“We learn from history that we learn nothing from history.”
Above is a famous quote from George Bernard Shaw, possibly when he was having a “bad hair day”! But, you have to admit, there is truth in his statement. Sadly, our default position far too often is to easily forget the good things and not give thanks or fail to learn from past negative experiences and repeat them.
I remember a conversation I had with Peter, an older missionary friend, prior to going to serve God in Pakistan. He said, “Rod, do you write a journal?” Caught off guard, I asked, “A what?” He explained. The idea had never even occurred to me, so I then asked my friend, why I would do such a thing. He answered, “So that you can look back and remember all the great things God has done for you.” Seemed pretty obvious to him!
I decided that I would give it a go, and in March 1992, on a flight to the UK to prepare to join the mission organisation that we would serve with for 11 years, I began to write Journal # 1 (those days in a notebook). These days I am up to Journal # 64 (approx. 50 pages each on my laptop), and at times I do look back, read what I have written, remember what God has done (and what I wish I had not done!) and give thanks to the Lord for his grace and goodness and mercy and forgiveness.
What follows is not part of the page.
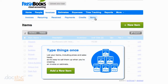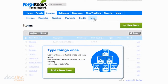For example, if you do consulting services for multiple clients, you can create one item called consulting services, specify the hourly rate for that service, and then when you go to create an invoice where that service is listed, you can quickly add it without having to specify all the details every single time.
Did you know the word “remember” occurs over 230 times in the Bible and for a good reason – we forget far too easily! In fact, there is even a type or genre of the psalms, according to Longman’s list, called the “psalms of remembrance”. Let’s check them out.
Longman suggests that the “Psalms of remembrance are those in which God’s past acts of redemption are the focus of attention…These psalms are united in their subject matter, the ‘wonderful acts’ of God (Psalm 105:2). Nowhere in the Bible is history reported only to impart historical information, but this is especially true in the psalms. Rather, God’s acts are recounted so that Israel might praise him: ‘Give thanks to the Lord, call on his name; make known among the nations what he has done.’ (Psalm 105:1)” (see reference # 1)
Memory, which is described by Dictionary.com as “the mental capacity or faculty of retaining and reviving facts, events, impressions, etc., or of recalling or recognizing previous experiences”, is a wonderful thing and yet sometimes sadly, it can be a distressing thing, and the older one gets, so it seems, the more challenging it becomes. In his “Autobiography” Mark Twain says:
“I am grown old and my memory is not as active as it used to be. When I was younger I could remember anything, whether it had happened or not; but my faculties are decaying now and soon I shall be so I cannot remember any but the things that never happened.”
I mentioned above that the word “remember” occurs many times in the Bible. Many times it is exhorting us to remember what God has done and then respond in praise and thanksgiving, but it is also used in another way. And that is to remind us that, even if we forget, God does not. For example, “Remember the wonders [God] has done…” (Psalm 105:5), followed by “He remembers his covenant forever, the word he commanded for a thousand generations, the covenant he made with Abraham, the oath he swore to Isaac.” (105:8-9)
So, even when we forget Him, he never forgets us! In Isaiah 49:14-16 we read the following:
”14 But Zion said, “The Lord has forsaken me, the Lord has forgotten me.”
[To which the Lord replies:]
15 “Can a mother forget the baby at her breast and have no compassion on the child she has borne? Though she may forget, I will not forget you! 16 See, I have engraved you on the palms of my hands…” Such is the wonder of God’s love for us, his people. Certainly worth remembering!